Instructions for the task:
After locating the line with "Toshiba се отказа" below, output it and each following line exactly, stopping after the line with "For sale: 10351". No pictures.
#### Records shown ####
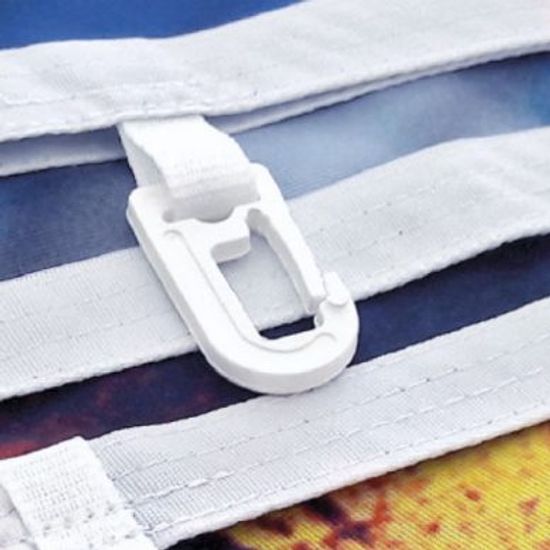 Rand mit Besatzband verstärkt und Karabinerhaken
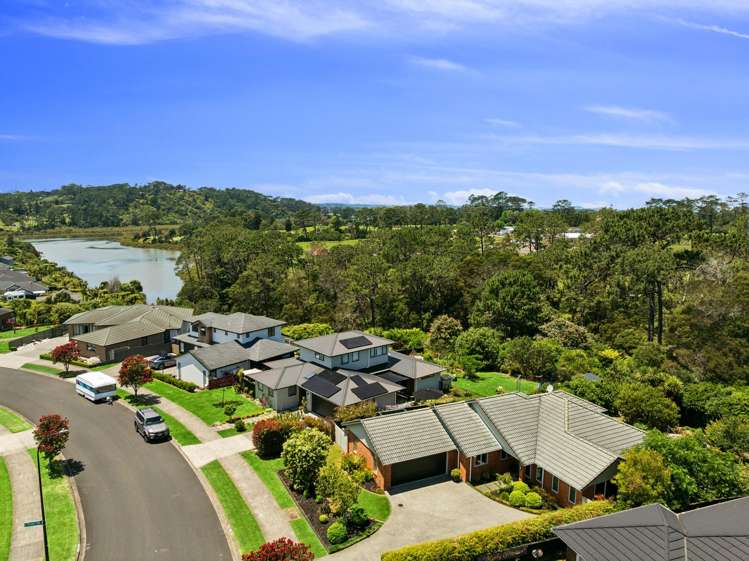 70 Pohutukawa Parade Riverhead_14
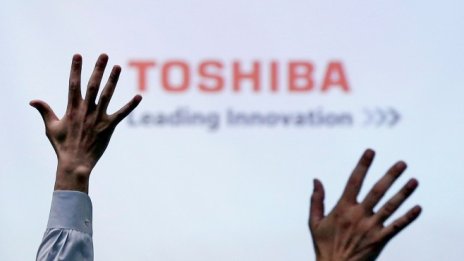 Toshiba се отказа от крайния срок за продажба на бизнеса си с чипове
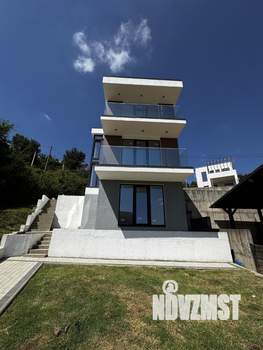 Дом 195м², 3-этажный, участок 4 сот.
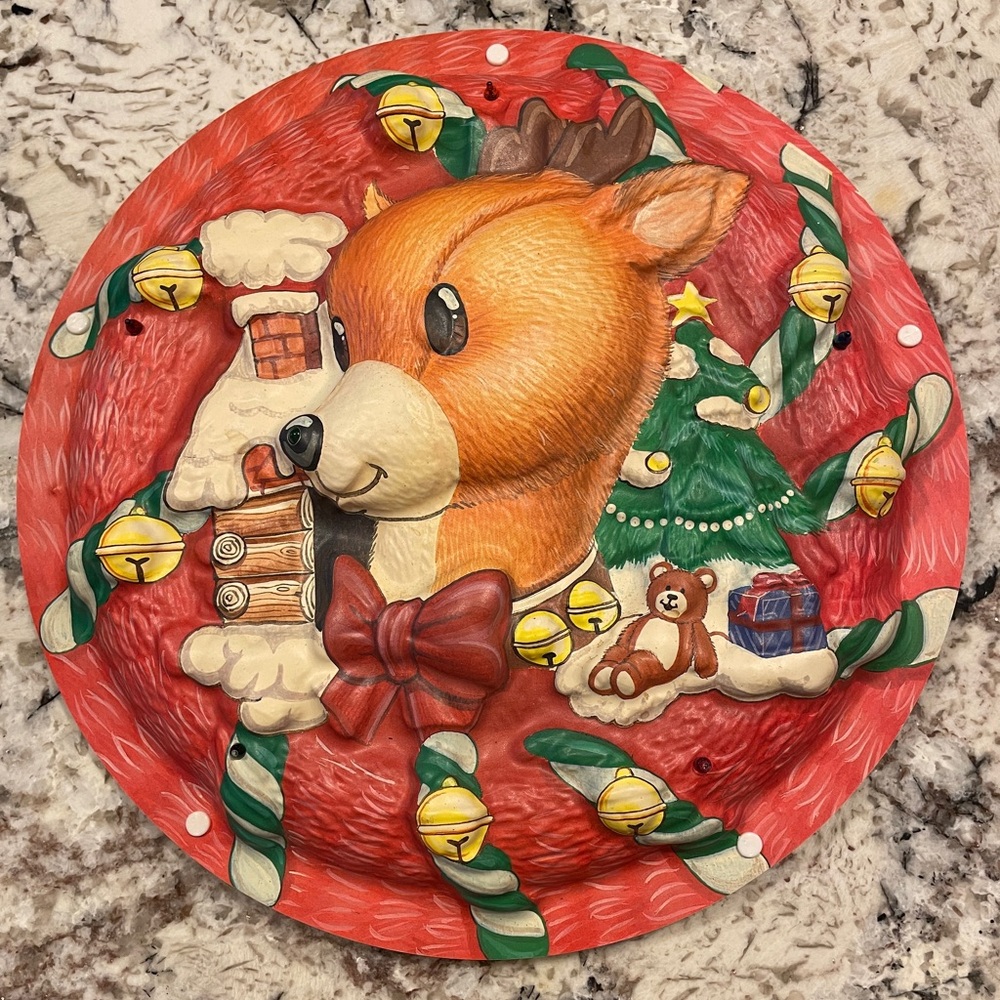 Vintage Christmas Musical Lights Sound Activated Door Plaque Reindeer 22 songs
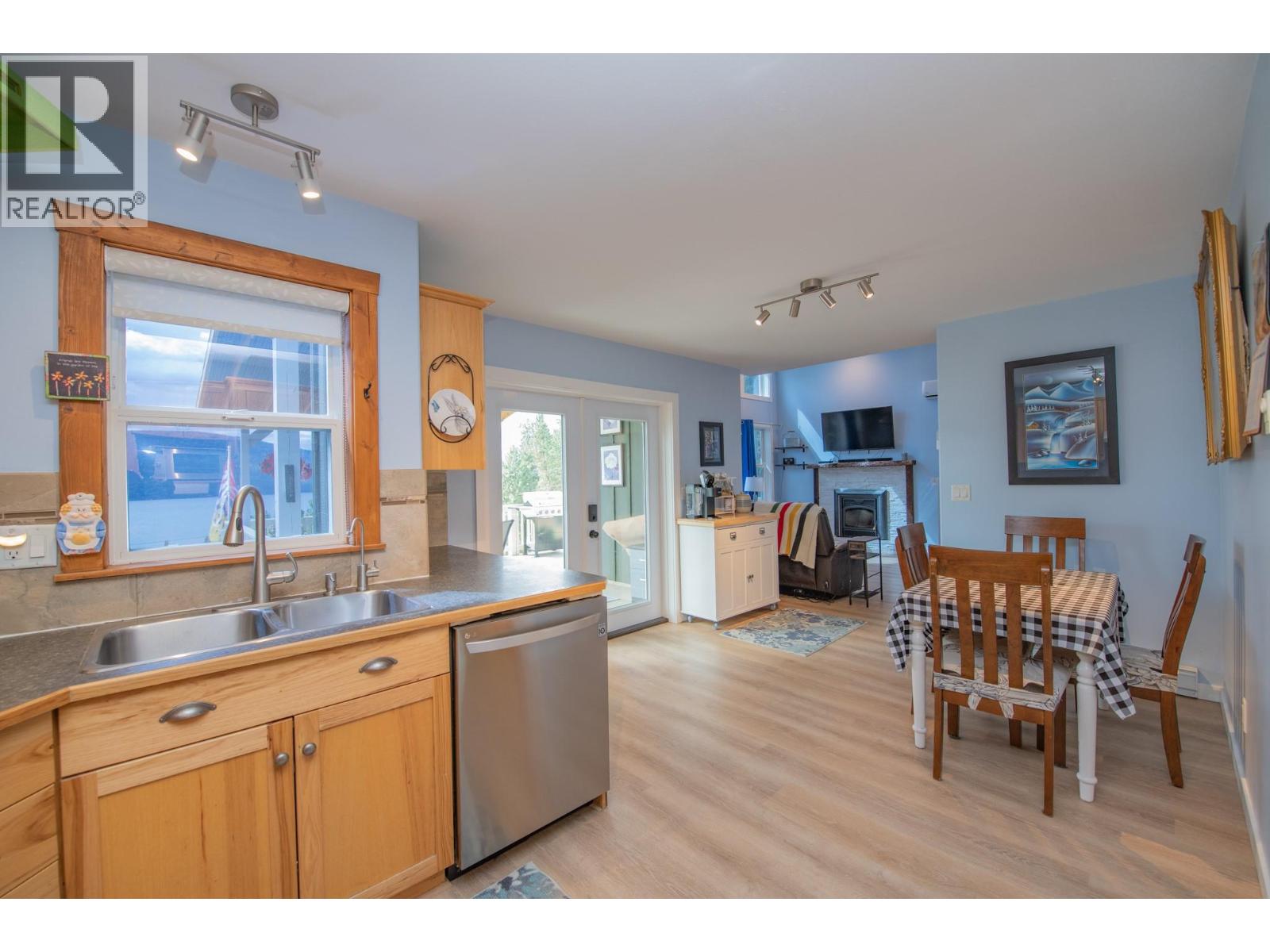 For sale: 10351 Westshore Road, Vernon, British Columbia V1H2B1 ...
####
#### Records shown ####
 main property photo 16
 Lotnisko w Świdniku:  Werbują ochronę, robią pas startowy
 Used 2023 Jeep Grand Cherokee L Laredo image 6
####
Response to the exercise:
 Toshiba се отказа от крайния срок за продажба на бизнеса си с чипове
 Дом 195м², 3-этажный, участок 4 сот.
 Vintage Christmas Musical Lights Sound Activated Door Plaque Reindeer 22 songs
 For sale: 10351 Westshore Road, Vernon, British Columbia V1H2B1 ...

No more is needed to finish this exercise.